Stored entries

* * *

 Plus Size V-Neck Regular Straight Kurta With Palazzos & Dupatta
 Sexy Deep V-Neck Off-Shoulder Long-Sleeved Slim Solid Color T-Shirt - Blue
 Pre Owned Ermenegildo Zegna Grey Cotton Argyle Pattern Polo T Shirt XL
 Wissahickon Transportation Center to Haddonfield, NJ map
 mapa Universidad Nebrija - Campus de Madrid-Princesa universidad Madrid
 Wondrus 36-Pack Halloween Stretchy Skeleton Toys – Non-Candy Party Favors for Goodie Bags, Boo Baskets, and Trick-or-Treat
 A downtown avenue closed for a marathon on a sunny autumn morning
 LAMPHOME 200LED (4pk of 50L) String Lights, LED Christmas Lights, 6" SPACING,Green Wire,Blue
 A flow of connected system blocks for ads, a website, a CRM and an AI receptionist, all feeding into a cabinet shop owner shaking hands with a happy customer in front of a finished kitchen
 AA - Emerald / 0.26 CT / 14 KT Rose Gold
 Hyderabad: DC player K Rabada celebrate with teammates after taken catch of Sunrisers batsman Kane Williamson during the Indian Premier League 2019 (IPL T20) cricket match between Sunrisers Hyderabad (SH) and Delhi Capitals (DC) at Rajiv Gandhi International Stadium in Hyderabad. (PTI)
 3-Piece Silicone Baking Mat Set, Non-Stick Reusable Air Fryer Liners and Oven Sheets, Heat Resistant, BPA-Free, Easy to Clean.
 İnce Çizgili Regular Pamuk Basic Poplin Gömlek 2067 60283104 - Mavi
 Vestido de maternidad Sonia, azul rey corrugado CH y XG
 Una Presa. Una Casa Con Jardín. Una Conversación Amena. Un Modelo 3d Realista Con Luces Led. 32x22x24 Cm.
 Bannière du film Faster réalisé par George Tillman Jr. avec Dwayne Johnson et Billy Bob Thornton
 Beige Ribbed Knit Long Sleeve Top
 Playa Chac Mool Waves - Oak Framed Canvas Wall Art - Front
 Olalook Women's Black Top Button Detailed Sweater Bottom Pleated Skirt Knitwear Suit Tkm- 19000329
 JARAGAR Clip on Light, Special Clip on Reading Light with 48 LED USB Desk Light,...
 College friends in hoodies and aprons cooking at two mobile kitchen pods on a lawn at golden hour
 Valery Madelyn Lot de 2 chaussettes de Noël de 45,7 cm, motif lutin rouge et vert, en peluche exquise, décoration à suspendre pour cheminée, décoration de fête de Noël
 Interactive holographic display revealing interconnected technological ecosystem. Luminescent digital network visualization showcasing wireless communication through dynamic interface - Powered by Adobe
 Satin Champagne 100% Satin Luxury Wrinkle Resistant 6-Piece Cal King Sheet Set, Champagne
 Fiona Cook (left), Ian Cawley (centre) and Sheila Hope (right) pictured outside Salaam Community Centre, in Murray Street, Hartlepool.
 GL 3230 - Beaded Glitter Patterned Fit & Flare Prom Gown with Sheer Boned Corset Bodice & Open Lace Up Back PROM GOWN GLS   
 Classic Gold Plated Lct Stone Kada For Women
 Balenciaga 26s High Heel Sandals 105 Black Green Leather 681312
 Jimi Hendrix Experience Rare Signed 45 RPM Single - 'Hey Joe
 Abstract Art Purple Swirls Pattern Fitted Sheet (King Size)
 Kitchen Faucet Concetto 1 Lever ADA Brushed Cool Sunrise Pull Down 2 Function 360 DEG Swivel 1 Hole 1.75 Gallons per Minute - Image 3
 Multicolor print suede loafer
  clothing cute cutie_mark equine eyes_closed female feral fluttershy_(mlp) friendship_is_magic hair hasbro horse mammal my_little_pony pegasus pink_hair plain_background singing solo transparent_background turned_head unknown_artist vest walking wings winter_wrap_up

* * *

> [Work order]:
Extract every line from the one containing "College friends in" to the end of the entries, including both of those lines, exactly as given and with nothing added.

> [Finished task]:
 College friends in hoodies and aprons cooking at two mobile kitchen pods on a lawn at golden hour
 Valery Madelyn Lot de 2 chaussettes de Noël de 45,7 cm, motif lutin rouge et vert, en peluche exquise, décoration à suspendre pour cheminée, décoration de fête de Noël
 Interactive holographic display revealing interconnected technological ecosystem. Luminescent digital network visualization showcasing wireless communication through dynamic interface - Powered by Adobe
 Satin Champagne 100% Satin Luxury Wrinkle Resistant 6-Piece Cal King Sheet Set, Champagne
 Fiona Cook (left), Ian Cawley (centre) and Sheila Hope (right) pictured outside Salaam Community Centre, in Murray Street, Hartlepool.
 GL 3230 - Beaded Glitter Patterned Fit & Flare Prom Gown with Sheer Boned Corset Bodice & Open Lace Up Back PROM GOWN GLS   
 Classic Gold Plated Lct Stone Kada For Women
 Balenciaga 26s High Heel Sandals 105 Black Green Leather 681312
 Jimi Hendrix Experience Rare Signed 45 RPM Single - 'Hey Joe
 Abstract Art Purple Swirls Pattern Fitted Sheet (King Size)
 Kitchen Faucet Concetto 1 Lever ADA Brushed Cool Sunrise Pull Down 2 Function 360 DEG Swivel 1 Hole 1.75 Gallons per Minute - Image 3
 Multicolor print suede loafer
  clothing cute cutie_mark equine eyes_closed female feral fluttershy_(mlp) friendship_is_magic hair hasbro horse mammal my_little_pony pegasus pink_hair plain_background singing solo transparent_background turned_head unknown_artist vest walking wings winter_wrap_up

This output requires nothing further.